*** Opening Data for this exercise ***

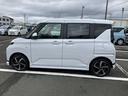 キーフリーシステム　プッシュボタンスタート　ＬＥＤヘッドライト　１５インチアルミホイール　両側パワースライドドア　カラーマルチインフォメーションディスプレイ（静岡県）の中古車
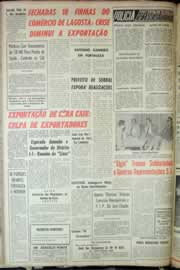 Hemeroteca - pagina correio_do_ceara_1963_09_0048.jpg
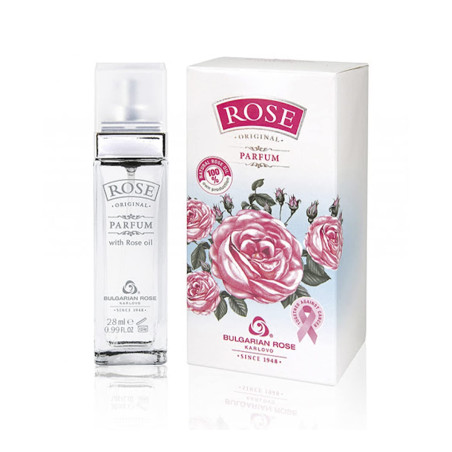 'Rose Original'' ПАРФЮМ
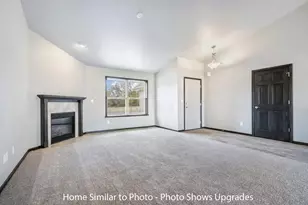 1751 Betty Jean Ln, Green Bay, WI 54313 - Photo 4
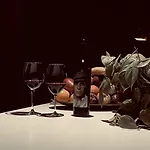 Апартаменты M Butterfly
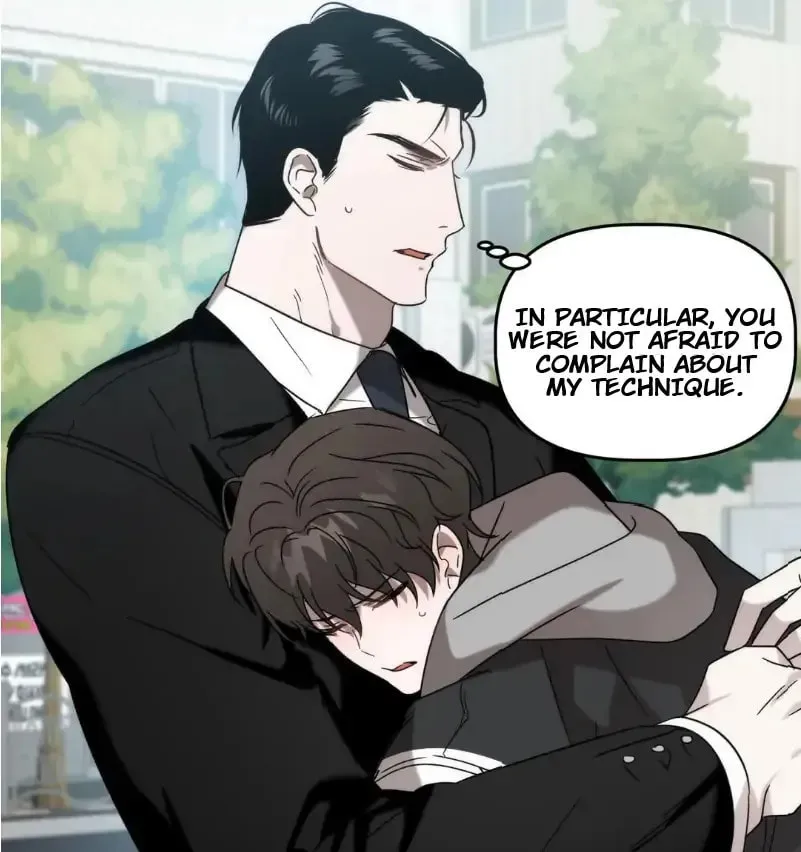 Read Did It Work? chapter 22 image 52 on Lezhin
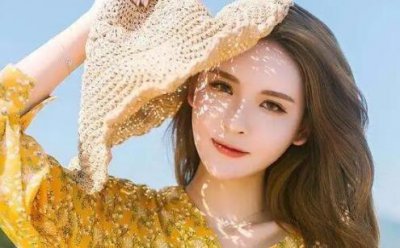 ​经常出差的人怎么找女朋友？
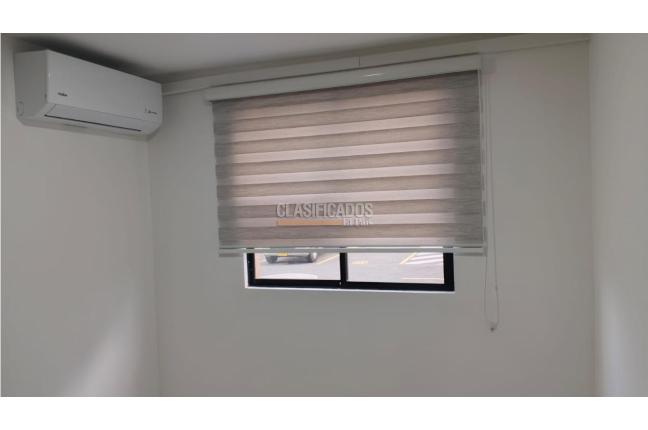 Apartamentos, Venta, Jamundí - $490.000.000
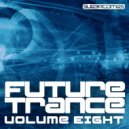 Lee Osborne - Tunnel Vision (Original Mix)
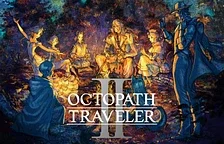 Hra Octopath Traveler vyšla pro konzole PlayStation, hra Octopath Traveler II je dostupná pro konzole Xbox
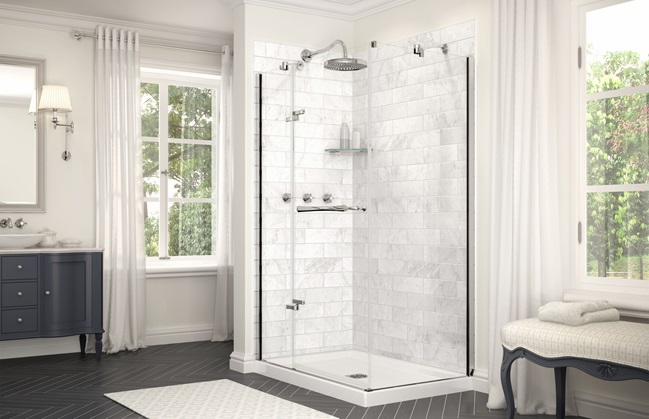 Gallery Image 1 - 6457530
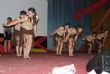Ver foto 49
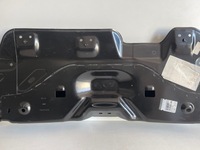 фото thumb №7, Renault kadjar задний pas стена 791005236r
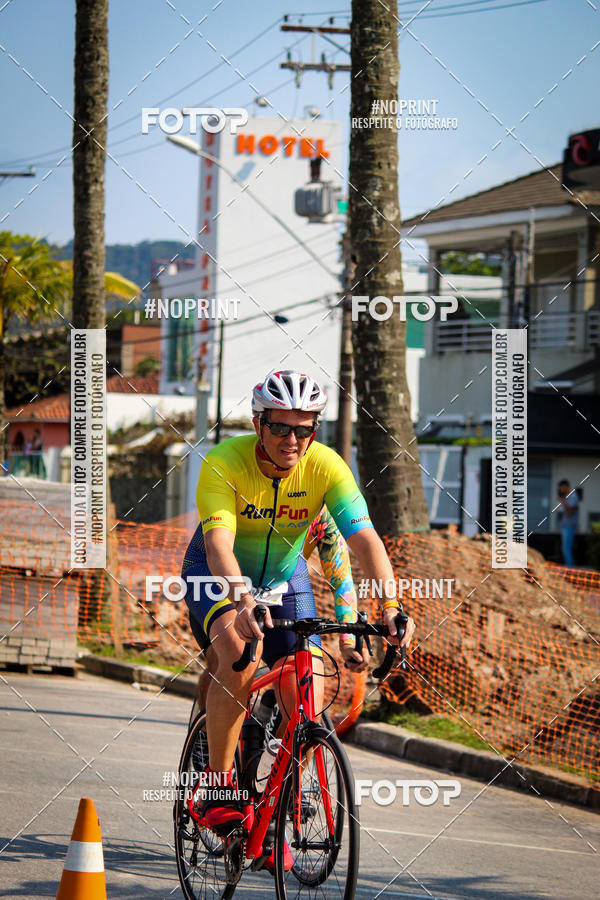 Buy your photos of the event13 Circuito de Sprint Triathlon SANTA CECILIA TV - 4 Etapa on Fotop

*** Closing Data for this exercise ***

> Activity: Extract precisely the lines beginning at the line containing "Apartamentos, Venta, Jamundí - $490.000.000" and ending at the last line of the entries above, exactly as written and with no pictures.

> Task response:
 Apartamentos, Venta, Jamundí - $490.000.000
 Lee Osborne - Tunnel Vision (Original Mix)
 Hra Octopath Traveler vyšla pro konzole PlayStation, hra Octopath Traveler II je dostupná pro konzole Xbox
 Gallery Image 1 - 6457530
Ver foto 49
 фото thumb №7, Renault kadjar задний pas стена 791005236r
 Buy your photos of the event13 Circuito de Sprint Triathlon SANTA CECILIA TV - 4 Etapa on Fotop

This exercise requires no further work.